Preventing automatic invocation of sensitive commands

By default, Claude can invoke any skill automatically when it judges the skill relevant. For commands with side effects — even when their allowed-tools list is small — you may want to require explicit invocation. Set disable-model-invocation: true:

---
name: generate-release-notes
description: Generate release notes from git history
disable-model-invocation: true
allowed-tools: Read, Bash(git log *), Bash(git tag *)
---

This removes the command from Claude's automatic context. It runs only when you type /generate-release-notes. The Claude Code documentation notes this also removes the skill description from Claude's active context, so pairing disable-model-invocation with allowed-tools produces the most constrained command mode.

Sharing commands with a team

Commands checked into .claude/commands/ (or .claude/skills/<name>/SKILL.md) ship to everyone who clones the repo. The allowed-tools declaration travels with the file, so the team gets safe defaults without per-invocation review. Author intent is machine-readable, not just a comment.

Layering with session-level permissions

Command-level allowed-tools works on top of session-level permissions, not instead of them.

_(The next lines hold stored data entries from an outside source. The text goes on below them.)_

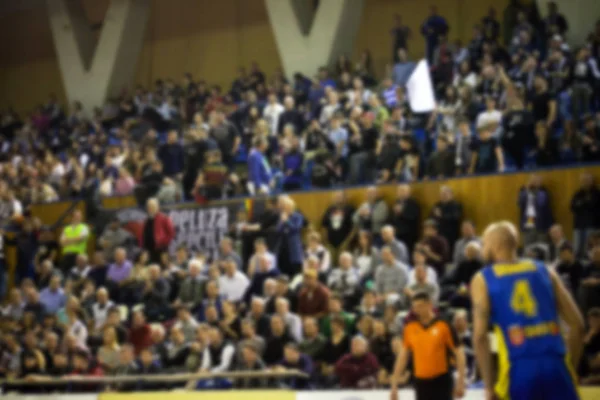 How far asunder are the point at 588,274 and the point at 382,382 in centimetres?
265

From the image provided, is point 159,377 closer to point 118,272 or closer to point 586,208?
point 118,272

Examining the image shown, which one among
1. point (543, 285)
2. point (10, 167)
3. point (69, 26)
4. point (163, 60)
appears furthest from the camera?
point (163, 60)

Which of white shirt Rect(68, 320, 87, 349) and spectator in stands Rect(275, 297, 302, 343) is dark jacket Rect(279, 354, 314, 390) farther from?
white shirt Rect(68, 320, 87, 349)

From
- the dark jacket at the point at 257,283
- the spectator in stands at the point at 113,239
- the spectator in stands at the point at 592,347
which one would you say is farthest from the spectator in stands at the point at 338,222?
the spectator in stands at the point at 592,347

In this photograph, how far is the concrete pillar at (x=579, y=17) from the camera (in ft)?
57.5

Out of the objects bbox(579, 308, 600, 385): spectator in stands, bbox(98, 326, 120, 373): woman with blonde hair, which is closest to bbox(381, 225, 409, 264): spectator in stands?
bbox(579, 308, 600, 385): spectator in stands

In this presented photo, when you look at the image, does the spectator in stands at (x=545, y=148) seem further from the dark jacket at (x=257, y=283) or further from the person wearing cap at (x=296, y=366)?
the person wearing cap at (x=296, y=366)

Claude Code evaluates permission rules in deny, then ask, then allow order. If a tool is denied at any level, no other level can allow it. The field narrows the set of tools that run without prompting during the command. It cannot grant access to tools blocked by session-level deny rules.

When this backfires

allowed-tools is a pre-approval mechanism, not a hard restriction. Account for three failure conditions:

  • Unlisted tools still run with one approval. If a prompt injection or rogue model call attempts Write, the user sees a single approval prompt — the same guard that exists without any allowed-tools declaration. The allowlist does not add a deny layer; it only removes the prompt for listed tools.
  • Allowlists go stale. A command that gains new abilities (for example, a /deploy skill that now needs WebFetch to post status) will prompt for unlisted tools until you update the allowlist. Teams that rely on "no prompt means expected behavior" will be surprised.
  • A false sense of hard enforcement. Operators who assume allowed-tools blocks tools are wrong. To block a tool for real, use session-level deny rules in settings.json or a PreToolUse hook. Both work at a lower level than the skill allowlist and frontmatter cannot override them.

Key Takeaways

  • allowed-tools in command frontmatter pre-approves a named subset of tools — they run without prompting during that command's execution.
  • Unlisted tools are not blocked; they require the same user approval as any tool in a session without an allowlist.
  • The Bash(prefix *) syntax scopes bash access to specific subcommands rather than all shell execution.
  • disable-model-invocation: true prevents Claude from triggering a command automatically — use this for any command with side effects, even conservative ones.
  • Commands with declared allowed-tools are safe to commit to version control and share across a team; the pre-approval intent travels with the file.
  • Session-level deny rules take precedence over allowed-tools; the field narrows the no-prompt set but cannot expand session permissions.